◆ **WORK ITEM**
A faithful copy without images is required: write out all the records exactly.

↓↓↓

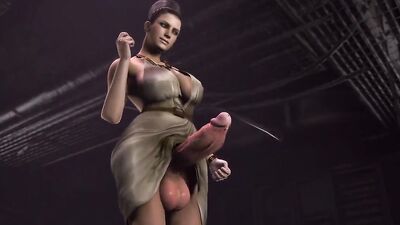 Busty babe gets destroyed by a 3D futa's massive rod in hardcore futa action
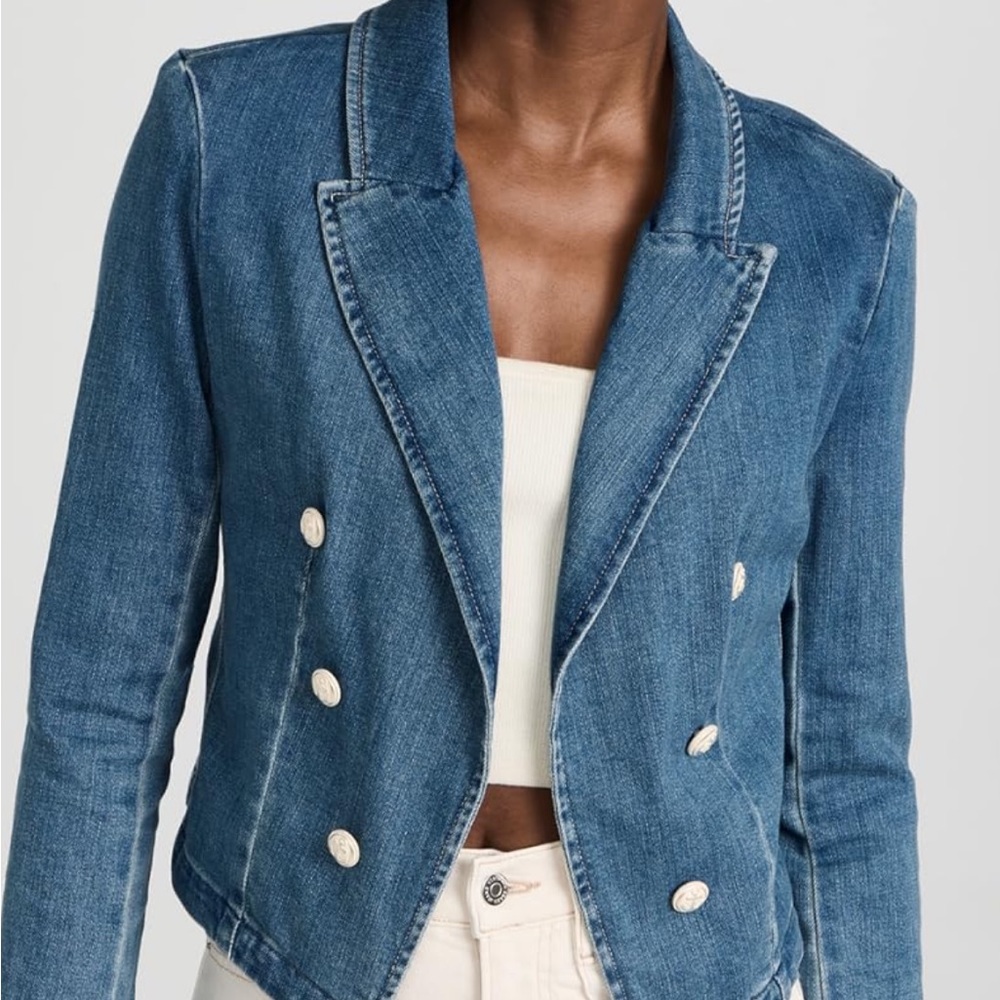 L'AGENCE Double-Breasted Crop Denim Jacket in Size 0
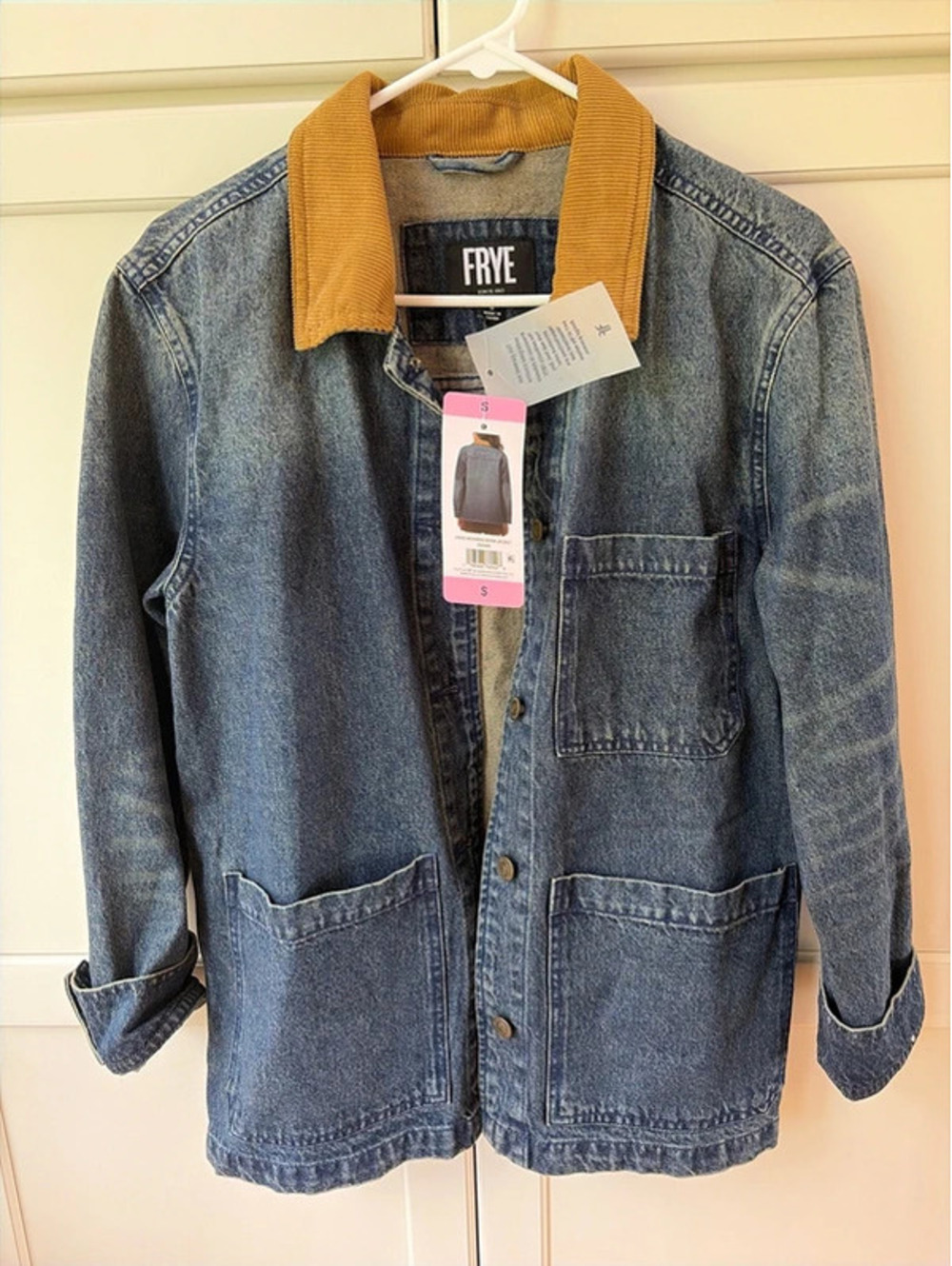 Frye Denim Barn Jacket Brown Corduroy Collar Size S NWT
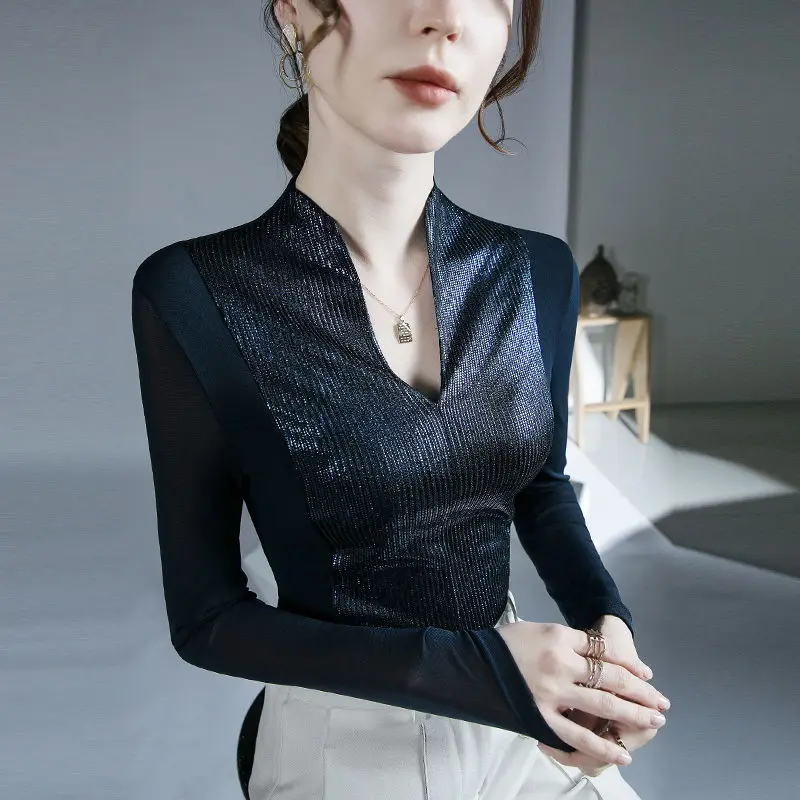 

2023 Autumn/Winter New Fashion Elegant Retro Style Top Bottom Fit Versatile Comfortable Mesh Panel Long Sleeve Top
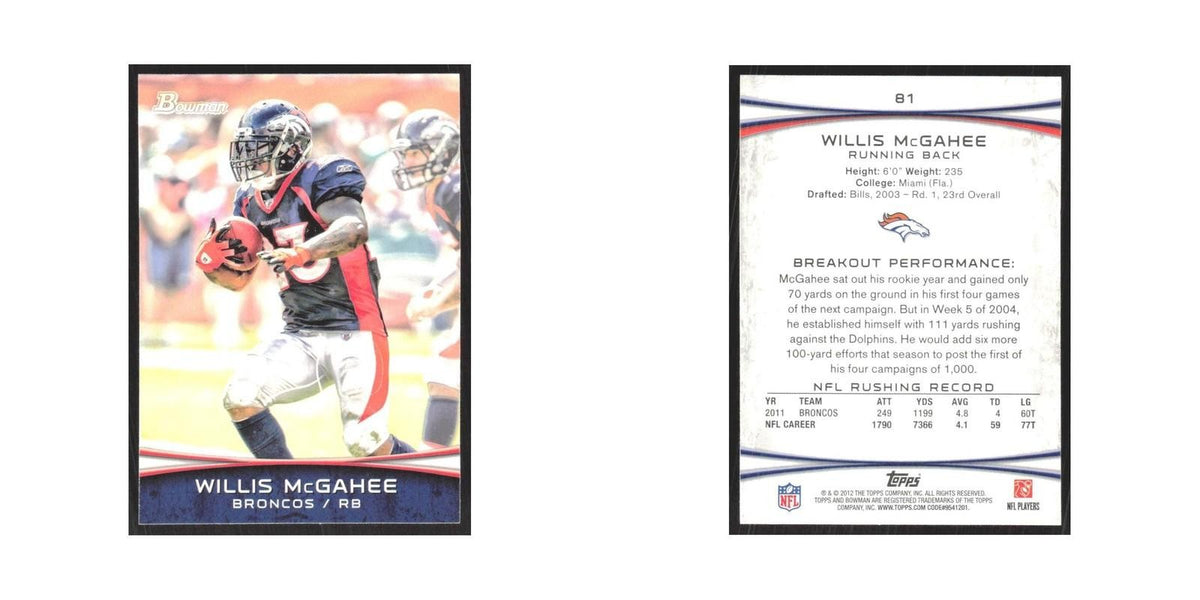 2012 Bowman Willis McGahee Broncos #81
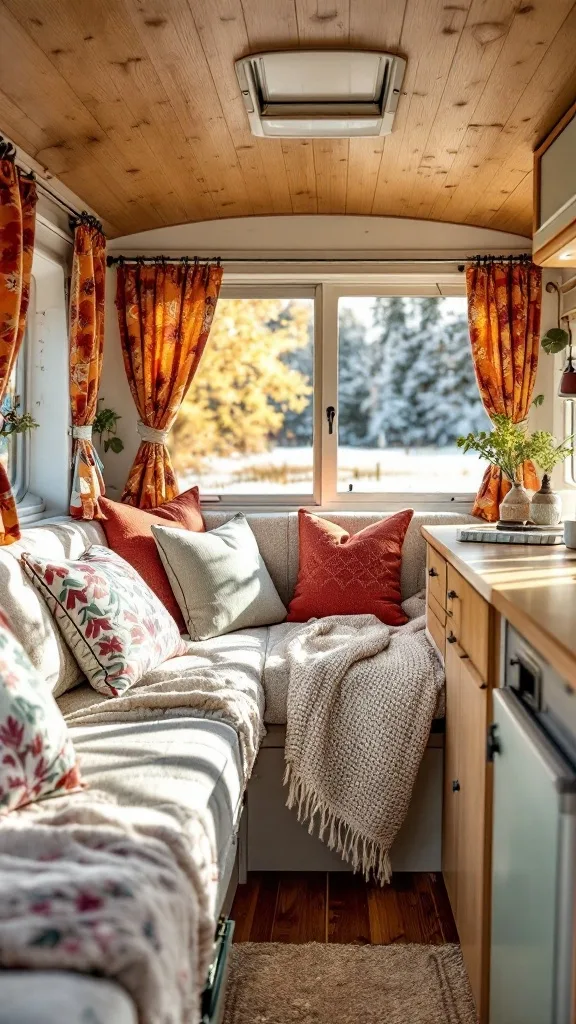 Cozy small camper interior with colorful textiles, cushions, and warm lighting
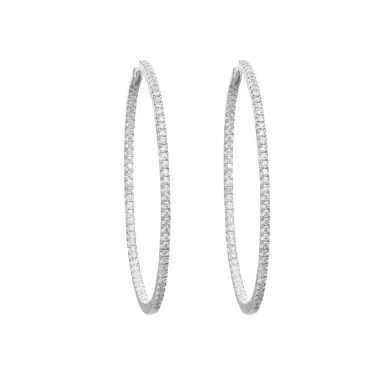 Mémoire Mémoire 18K White Gold Diamond Oval Hoop Earrings by The Solist | Thumbnail 1 Mémoire Mémoire 18K White Gold Diamond Oval Hoop Earrings by The Solist | Thumbnail 1
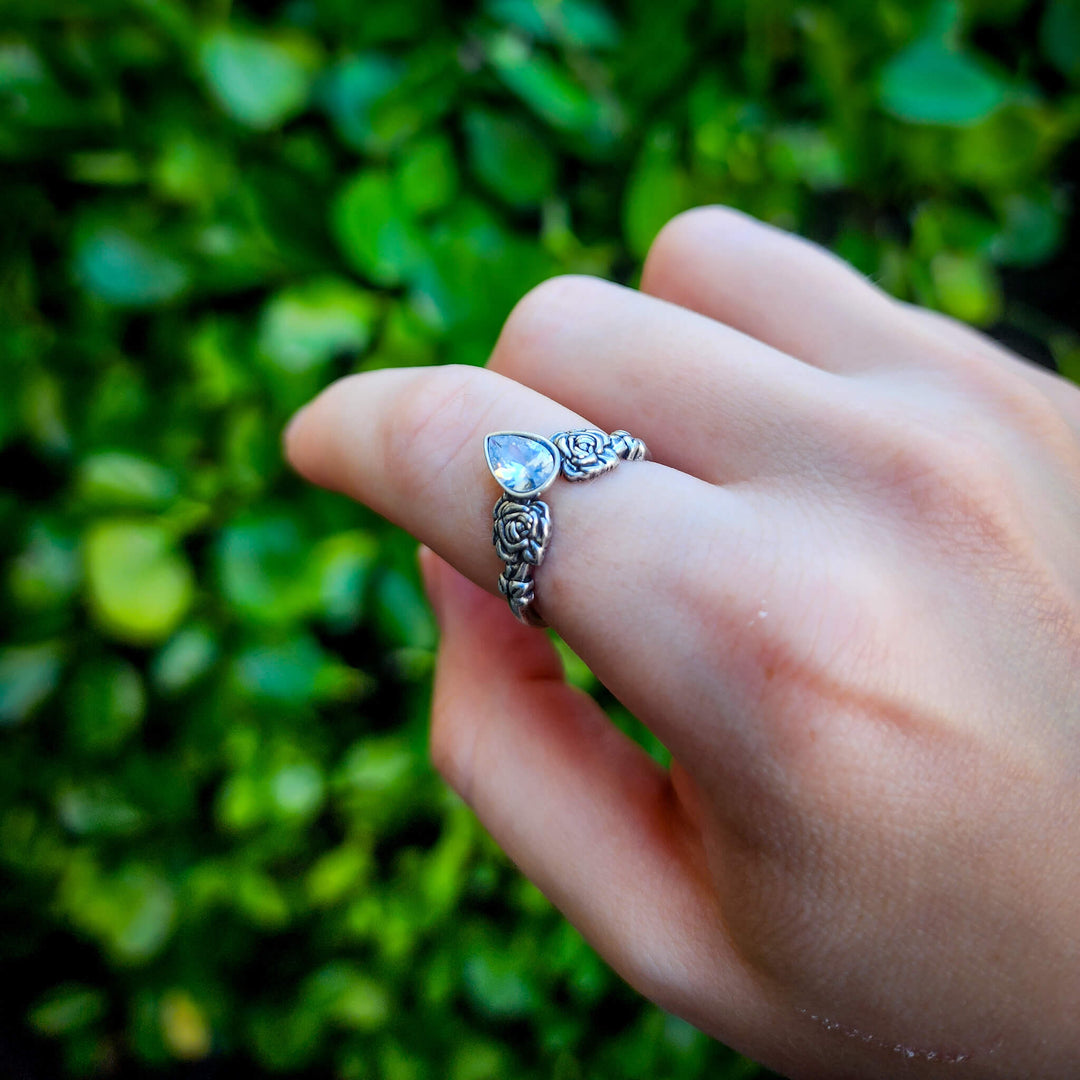 Silver Clear Crystal Rose Ring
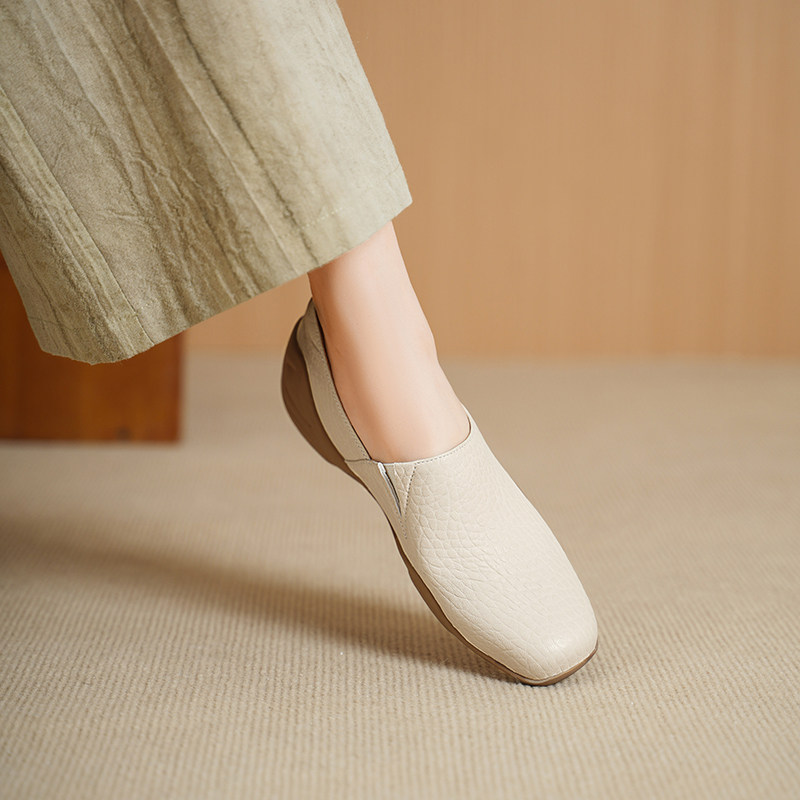 GE.BESS复古风豆豆鞋女深口方头一脚蹬软底懒人复古女鞋羊皮春季,女鞋,乐福鞋（豆豆鞋）,淘宝优惠券,粉丝福利购,淘宝优惠卷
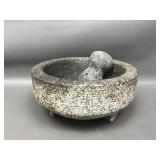Carved Stone Molcajete, Mortar And Pestle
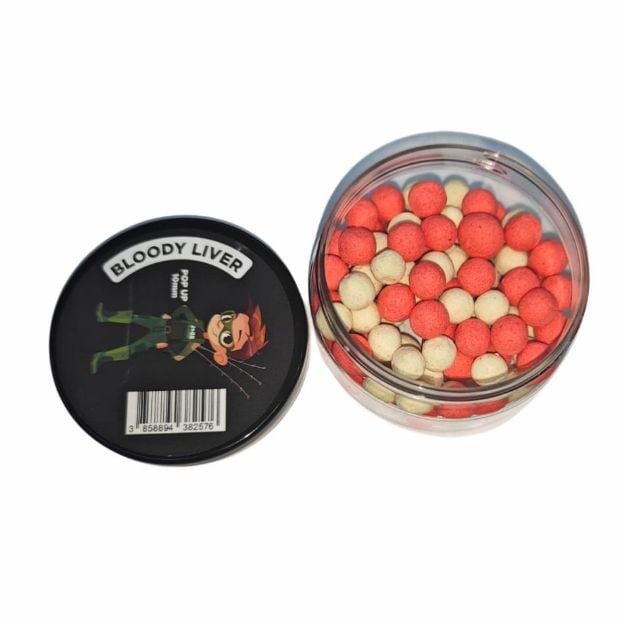 Boilie Academy Pop UP Bloody Liver 10mm boile za ribolov šarana jetra aroma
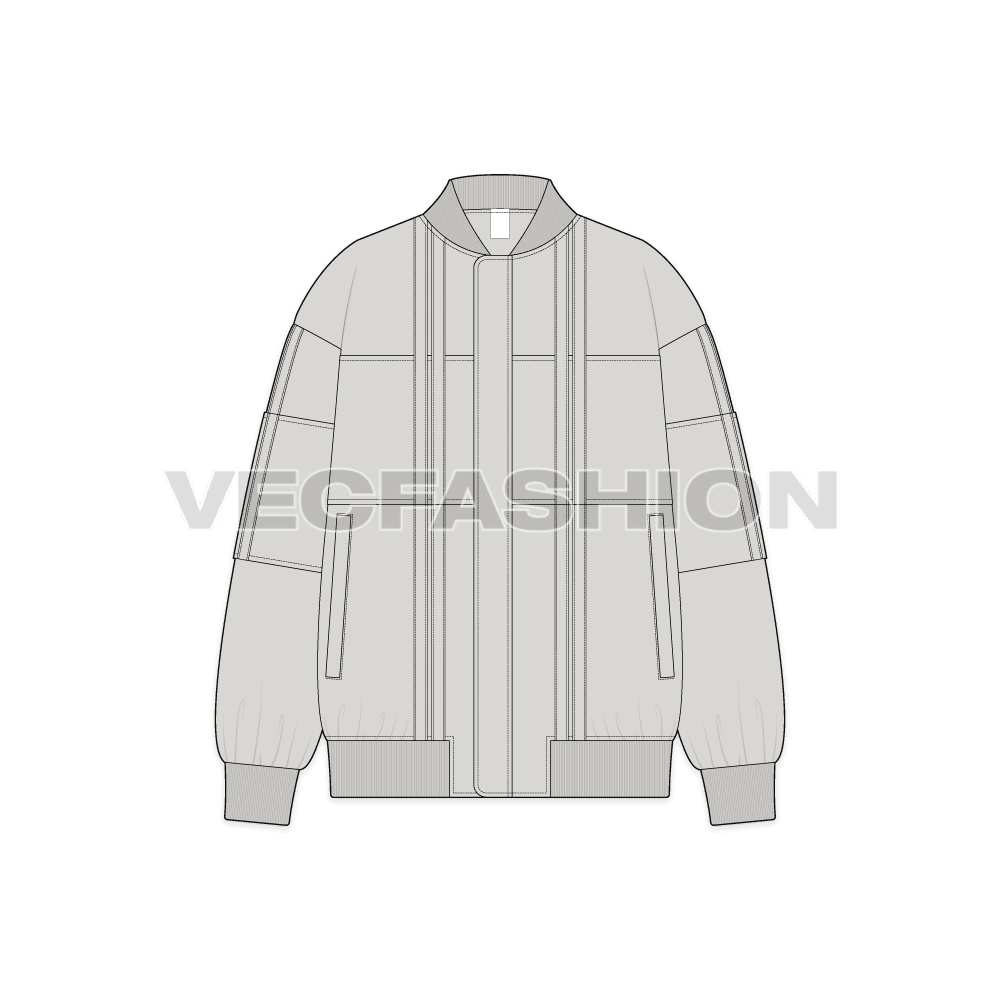 Mens Oversized Jacket Flat Sketch flat sketch, front view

↑↑↑

◆ **THE COMPLETED TASK**
 Busty babe gets destroyed by a 3D futa's massive rod in hardcore futa action
 L'AGENCE Double-Breasted Crop Denim Jacket in Size 0
 Frye Denim Barn Jacket Brown Corduroy Collar Size S NWT

2023 Autumn/Winter New Fashion Elegant Retro Style Top Bottom Fit Versatile Comfortable Mesh Panel Long Sleeve Top
 2012 Bowman Willis McGahee Broncos #81
 Cozy small camper interior with colorful textiles, cushions, and warm lighting
 Mémoire Mémoire 18K White Gold Diamond Oval Hoop Earrings by The Solist | Thumbnail 1 Mémoire Mémoire 18K White Gold Diamond Oval Hoop Earrings by The Solist | Thumbnail 1
 Silver Clear Crystal Rose Ring
 GE.BESS复古风豆豆鞋女深口方头一脚蹬软底懒人复古女鞋羊皮春季,女鞋,乐福鞋（豆豆鞋）,淘宝优惠券,粉丝福利购,淘宝优惠卷
Carved Stone Molcajete, Mortar And Pestle
 Boilie Academy Pop UP Bloody Liver 10mm boile za ribolov šarana jetra aroma
 Mens Oversized Jacket Flat Sketch flat sketch, front view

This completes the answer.